RECORDED INFORMATION:
**********
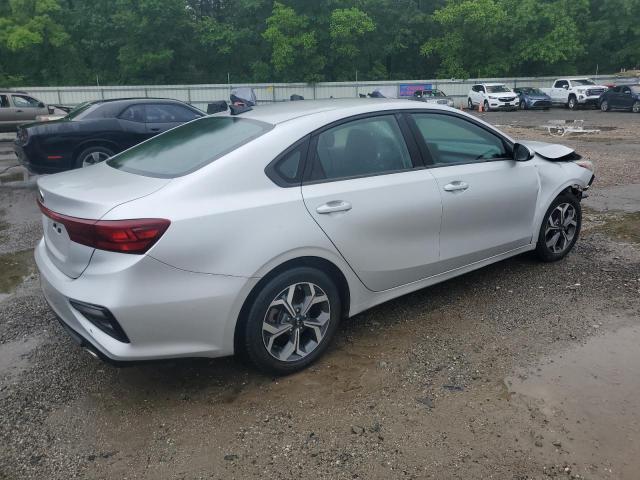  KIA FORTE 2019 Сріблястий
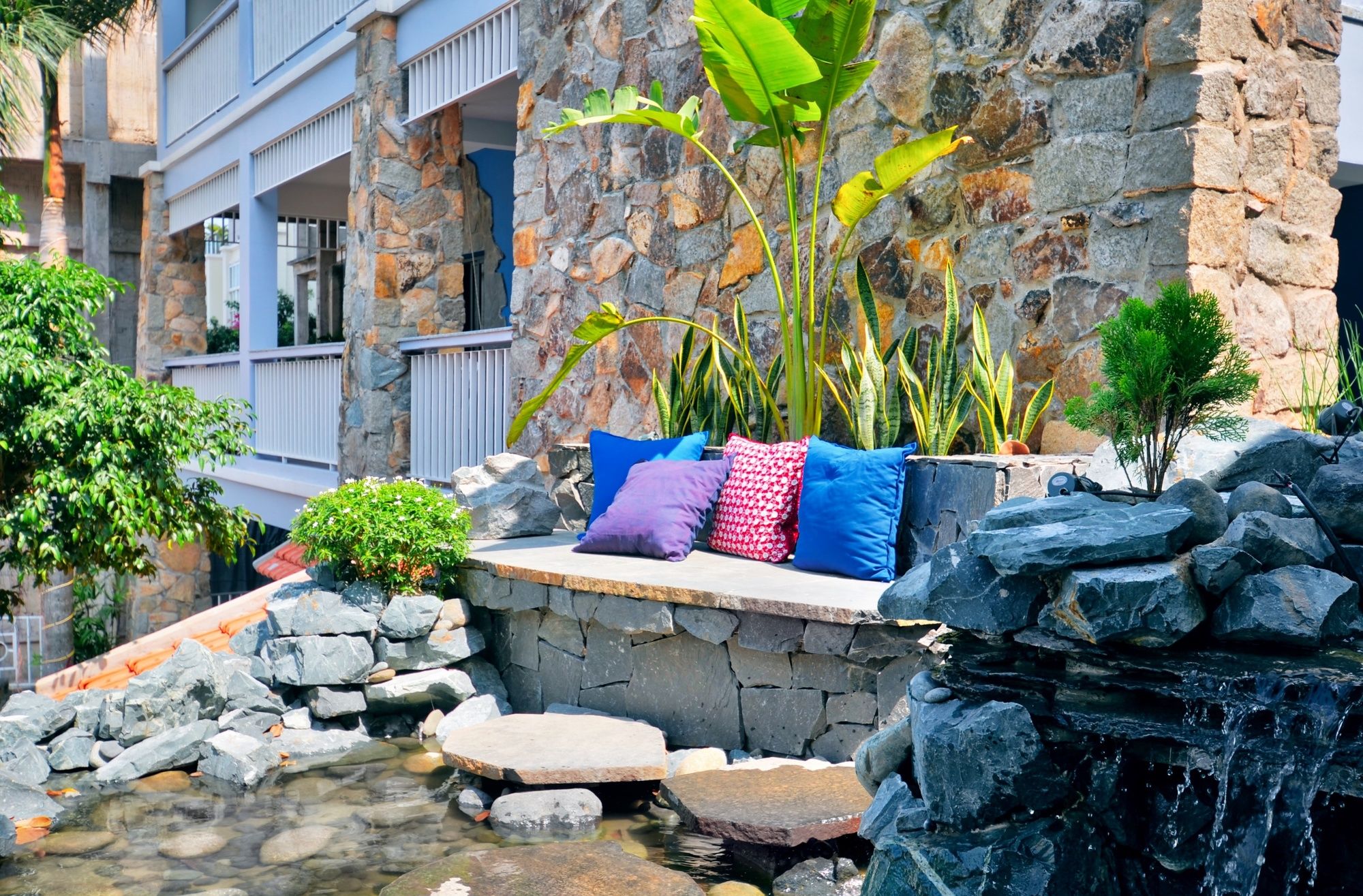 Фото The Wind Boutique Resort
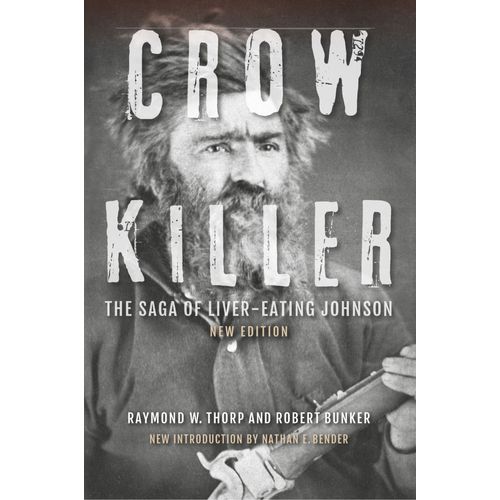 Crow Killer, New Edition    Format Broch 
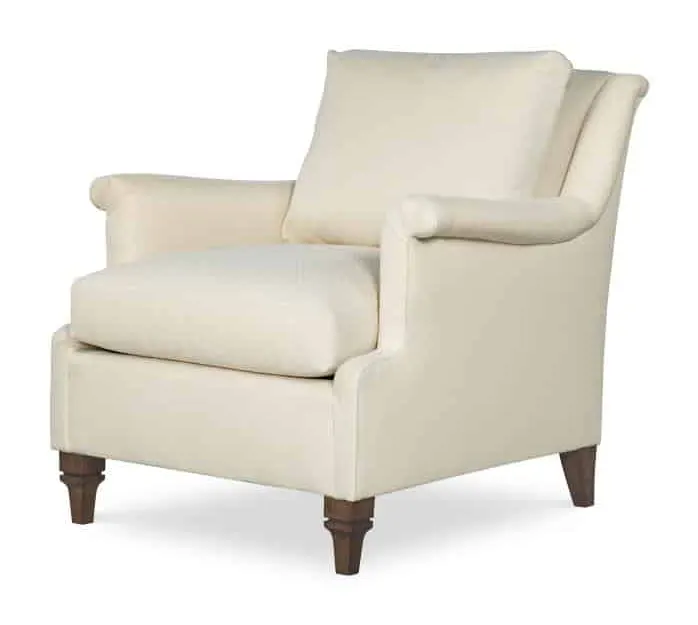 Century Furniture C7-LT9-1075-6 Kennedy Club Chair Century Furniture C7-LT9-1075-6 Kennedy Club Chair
**********
WHAT THE TASK REQUIRES: If pictures appear in the data, do not print them; repeat the rest exactly.

WORKED SOLUTION:
  KIA FORTE 2019 Сріблястий
 Фото The Wind Boutique Resort
 Crow Killer, New Edition    Format Broch 
 Century Furniture C7-LT9-1075-6 Kennedy Club Chair Century Furniture C7-LT9-1075-6 Kennedy Club Chair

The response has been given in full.